• **YOUR OBJECTIVE**
Beginning with the line where "2015 Cadillac CTS V-Sport Premium" appears, retype every remaining line of the data below, both the first and last included.

(Short text fragments from websites)

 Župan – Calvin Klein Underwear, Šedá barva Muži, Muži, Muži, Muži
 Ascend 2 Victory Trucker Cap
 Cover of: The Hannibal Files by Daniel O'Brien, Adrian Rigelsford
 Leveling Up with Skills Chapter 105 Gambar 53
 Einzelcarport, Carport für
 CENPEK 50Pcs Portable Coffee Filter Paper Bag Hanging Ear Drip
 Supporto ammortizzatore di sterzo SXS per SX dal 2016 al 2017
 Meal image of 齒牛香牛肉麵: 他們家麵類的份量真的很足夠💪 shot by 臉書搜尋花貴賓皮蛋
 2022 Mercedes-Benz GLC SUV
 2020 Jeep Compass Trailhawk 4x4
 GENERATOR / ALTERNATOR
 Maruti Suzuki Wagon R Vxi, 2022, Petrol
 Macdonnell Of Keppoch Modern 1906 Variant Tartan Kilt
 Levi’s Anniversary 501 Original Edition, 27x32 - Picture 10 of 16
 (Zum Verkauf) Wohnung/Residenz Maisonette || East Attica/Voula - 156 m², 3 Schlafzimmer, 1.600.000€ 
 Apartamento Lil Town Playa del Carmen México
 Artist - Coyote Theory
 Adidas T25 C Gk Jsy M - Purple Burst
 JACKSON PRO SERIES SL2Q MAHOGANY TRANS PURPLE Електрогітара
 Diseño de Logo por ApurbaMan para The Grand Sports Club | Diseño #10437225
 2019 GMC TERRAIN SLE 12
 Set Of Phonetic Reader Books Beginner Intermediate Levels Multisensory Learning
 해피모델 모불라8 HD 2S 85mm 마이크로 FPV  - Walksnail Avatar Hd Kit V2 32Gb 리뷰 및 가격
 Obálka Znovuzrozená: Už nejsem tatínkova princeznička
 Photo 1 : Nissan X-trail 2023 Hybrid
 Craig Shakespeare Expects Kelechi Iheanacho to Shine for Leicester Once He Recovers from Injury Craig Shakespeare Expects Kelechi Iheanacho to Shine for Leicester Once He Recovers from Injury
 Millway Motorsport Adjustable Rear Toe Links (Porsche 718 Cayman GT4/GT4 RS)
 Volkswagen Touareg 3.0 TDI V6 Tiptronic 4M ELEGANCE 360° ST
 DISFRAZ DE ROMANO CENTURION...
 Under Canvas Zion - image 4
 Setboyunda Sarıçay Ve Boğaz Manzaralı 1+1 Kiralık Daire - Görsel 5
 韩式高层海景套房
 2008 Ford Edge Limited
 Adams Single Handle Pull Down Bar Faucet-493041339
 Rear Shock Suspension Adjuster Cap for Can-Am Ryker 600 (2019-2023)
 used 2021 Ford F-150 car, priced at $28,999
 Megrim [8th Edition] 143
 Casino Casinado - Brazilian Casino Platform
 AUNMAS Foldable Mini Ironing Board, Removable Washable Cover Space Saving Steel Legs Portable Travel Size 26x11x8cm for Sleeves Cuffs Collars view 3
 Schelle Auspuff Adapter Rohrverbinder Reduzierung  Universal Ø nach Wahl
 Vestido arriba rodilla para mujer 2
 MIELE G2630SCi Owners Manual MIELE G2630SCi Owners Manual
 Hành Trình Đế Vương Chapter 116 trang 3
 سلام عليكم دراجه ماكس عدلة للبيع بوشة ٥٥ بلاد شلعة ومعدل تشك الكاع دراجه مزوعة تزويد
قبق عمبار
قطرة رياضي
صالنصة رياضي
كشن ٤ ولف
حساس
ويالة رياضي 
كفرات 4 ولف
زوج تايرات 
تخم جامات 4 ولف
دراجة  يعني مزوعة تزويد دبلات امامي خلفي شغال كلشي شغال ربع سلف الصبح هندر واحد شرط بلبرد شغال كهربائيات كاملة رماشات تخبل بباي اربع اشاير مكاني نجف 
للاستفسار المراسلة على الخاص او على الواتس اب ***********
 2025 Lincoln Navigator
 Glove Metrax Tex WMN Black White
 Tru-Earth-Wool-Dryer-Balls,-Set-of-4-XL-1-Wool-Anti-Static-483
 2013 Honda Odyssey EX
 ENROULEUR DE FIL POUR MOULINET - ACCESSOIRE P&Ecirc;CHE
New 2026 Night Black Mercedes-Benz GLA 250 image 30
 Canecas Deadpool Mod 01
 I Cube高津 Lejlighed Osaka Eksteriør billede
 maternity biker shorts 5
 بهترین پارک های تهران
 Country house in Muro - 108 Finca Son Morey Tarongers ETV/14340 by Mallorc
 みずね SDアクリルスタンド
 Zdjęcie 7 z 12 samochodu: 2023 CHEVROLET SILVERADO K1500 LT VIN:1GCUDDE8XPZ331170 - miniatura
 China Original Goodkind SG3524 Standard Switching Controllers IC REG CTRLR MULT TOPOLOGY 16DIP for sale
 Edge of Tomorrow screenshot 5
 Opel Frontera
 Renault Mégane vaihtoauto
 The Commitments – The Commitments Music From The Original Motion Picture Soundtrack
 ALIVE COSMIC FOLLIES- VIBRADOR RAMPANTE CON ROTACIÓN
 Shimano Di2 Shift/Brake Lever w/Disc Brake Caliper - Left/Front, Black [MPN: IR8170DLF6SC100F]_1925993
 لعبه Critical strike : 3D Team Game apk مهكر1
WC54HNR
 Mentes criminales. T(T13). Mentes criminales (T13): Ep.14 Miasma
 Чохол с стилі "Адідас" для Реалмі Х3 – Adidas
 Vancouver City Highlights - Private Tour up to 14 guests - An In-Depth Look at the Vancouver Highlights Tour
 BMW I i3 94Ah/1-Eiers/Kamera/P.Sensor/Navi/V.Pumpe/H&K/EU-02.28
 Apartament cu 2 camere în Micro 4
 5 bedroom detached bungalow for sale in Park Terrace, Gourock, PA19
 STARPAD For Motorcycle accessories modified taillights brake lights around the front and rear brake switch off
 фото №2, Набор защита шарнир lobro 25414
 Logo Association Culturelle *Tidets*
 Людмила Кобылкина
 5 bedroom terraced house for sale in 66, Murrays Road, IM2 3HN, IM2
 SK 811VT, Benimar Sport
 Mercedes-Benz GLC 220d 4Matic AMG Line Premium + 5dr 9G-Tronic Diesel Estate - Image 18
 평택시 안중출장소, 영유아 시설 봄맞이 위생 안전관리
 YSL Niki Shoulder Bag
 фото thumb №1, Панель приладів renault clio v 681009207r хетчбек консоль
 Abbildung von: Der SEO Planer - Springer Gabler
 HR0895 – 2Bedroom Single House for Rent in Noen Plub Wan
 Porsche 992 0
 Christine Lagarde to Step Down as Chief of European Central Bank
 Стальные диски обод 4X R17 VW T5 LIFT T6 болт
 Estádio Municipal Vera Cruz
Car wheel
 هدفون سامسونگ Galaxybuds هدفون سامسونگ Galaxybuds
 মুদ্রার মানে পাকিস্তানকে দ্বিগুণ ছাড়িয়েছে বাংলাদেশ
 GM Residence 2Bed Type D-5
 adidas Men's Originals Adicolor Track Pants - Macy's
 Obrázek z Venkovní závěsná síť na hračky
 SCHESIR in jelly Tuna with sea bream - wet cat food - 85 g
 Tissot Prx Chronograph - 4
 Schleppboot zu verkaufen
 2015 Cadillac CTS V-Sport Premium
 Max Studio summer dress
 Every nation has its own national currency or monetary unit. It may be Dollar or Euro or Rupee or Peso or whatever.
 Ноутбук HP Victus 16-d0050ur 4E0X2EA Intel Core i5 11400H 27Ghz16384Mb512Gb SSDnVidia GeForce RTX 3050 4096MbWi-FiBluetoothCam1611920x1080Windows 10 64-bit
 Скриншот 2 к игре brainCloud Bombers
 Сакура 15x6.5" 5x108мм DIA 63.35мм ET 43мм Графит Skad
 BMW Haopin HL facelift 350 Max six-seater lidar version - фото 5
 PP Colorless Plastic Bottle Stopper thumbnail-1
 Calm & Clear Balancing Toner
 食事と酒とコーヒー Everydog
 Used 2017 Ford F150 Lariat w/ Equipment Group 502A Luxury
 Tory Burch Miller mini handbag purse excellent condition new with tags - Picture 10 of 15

• **FINAL ANSWER**
 2015 Cadillac CTS V-Sport Premium
 Max Studio summer dress
 Every nation has its own national currency or monetary unit. It may be Dollar or Euro or Rupee or Peso or whatever.
 Ноутбук HP Victus 16-d0050ur 4E0X2EA Intel Core i5 11400H 27Ghz16384Mb512Gb SSDnVidia GeForce RTX 3050 4096MbWi-FiBluetoothCam1611920x1080Windows 10 64-bit
 Скриншот 2 к игре brainCloud Bombers
 Сакура 15x6.5" 5x108мм DIA 63.35мм ET 43мм Графит Skad
 BMW Haopin HL facelift 350 Max six-seater lidar version - фото 5
 PP Colorless Plastic Bottle Stopper thumbnail-1
 Calm & Clear Balancing Toner
 食事と酒とコーヒー Everydog
 Used 2017 Ford F150 Lariat w/ Equipment Group 502A Luxury
 Tory Burch Miller mini handbag purse excellent condition new with tags - Picture 10 of 15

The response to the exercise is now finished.